The data —
* * * *

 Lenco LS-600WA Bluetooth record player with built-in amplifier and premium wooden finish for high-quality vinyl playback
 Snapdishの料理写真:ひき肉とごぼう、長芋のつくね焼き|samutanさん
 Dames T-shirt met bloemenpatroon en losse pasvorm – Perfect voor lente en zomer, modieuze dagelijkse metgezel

* * * *

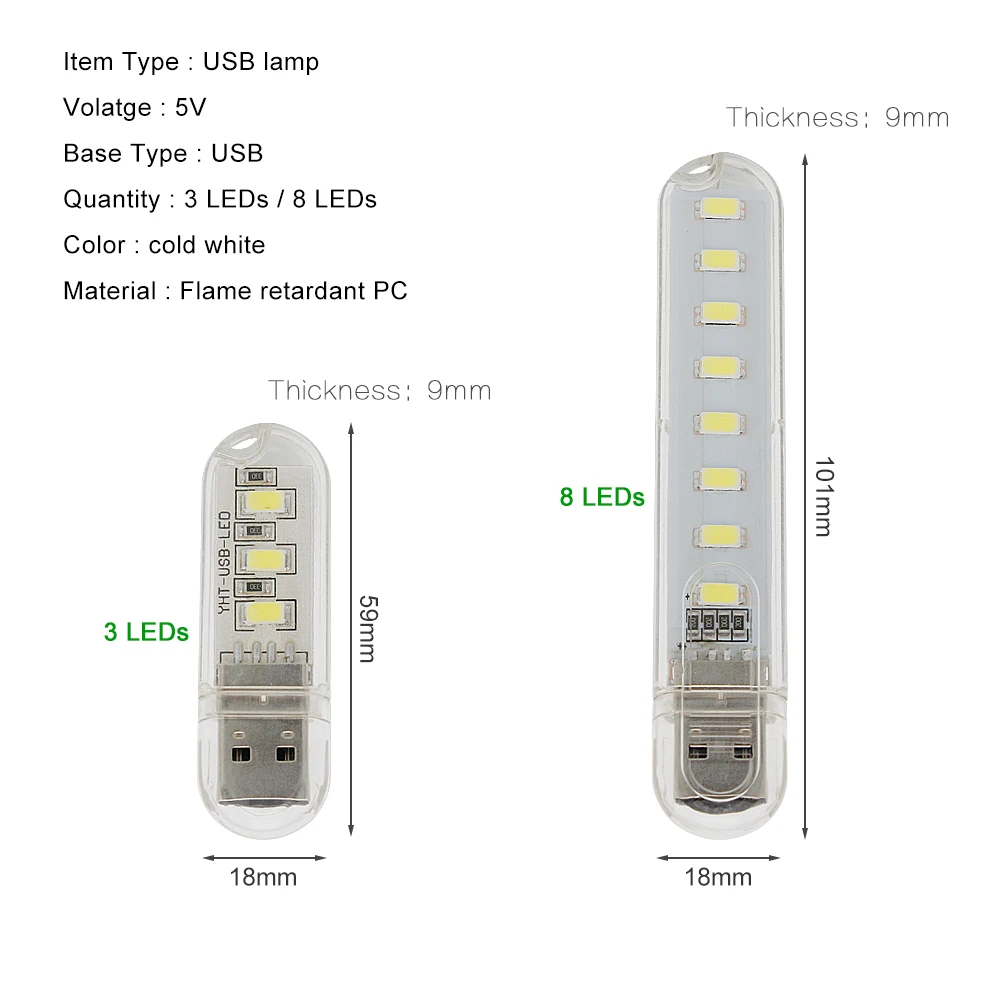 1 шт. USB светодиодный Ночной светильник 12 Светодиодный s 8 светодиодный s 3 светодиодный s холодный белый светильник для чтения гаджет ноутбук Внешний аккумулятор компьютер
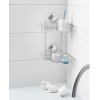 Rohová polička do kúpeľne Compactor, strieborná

* * * *

Task directions —
Your answer must consist solely of the lines above between the line holding "Lenco LS-600WA Bluetooth" and the line holding "Dames T-shirt met", inclusive, copied exactly.

Problem solution —
 Lenco LS-600WA Bluetooth record player with built-in amplifier and premium wooden finish for high-quality vinyl playback
 Snapdishの料理写真:ひき肉とごぼう、長芋のつくね焼き|samutanさん
 Dames T-shirt met bloemenpatroon en losse pasvorm – Perfect voor lente en zomer, modieuze dagelijkse metgezel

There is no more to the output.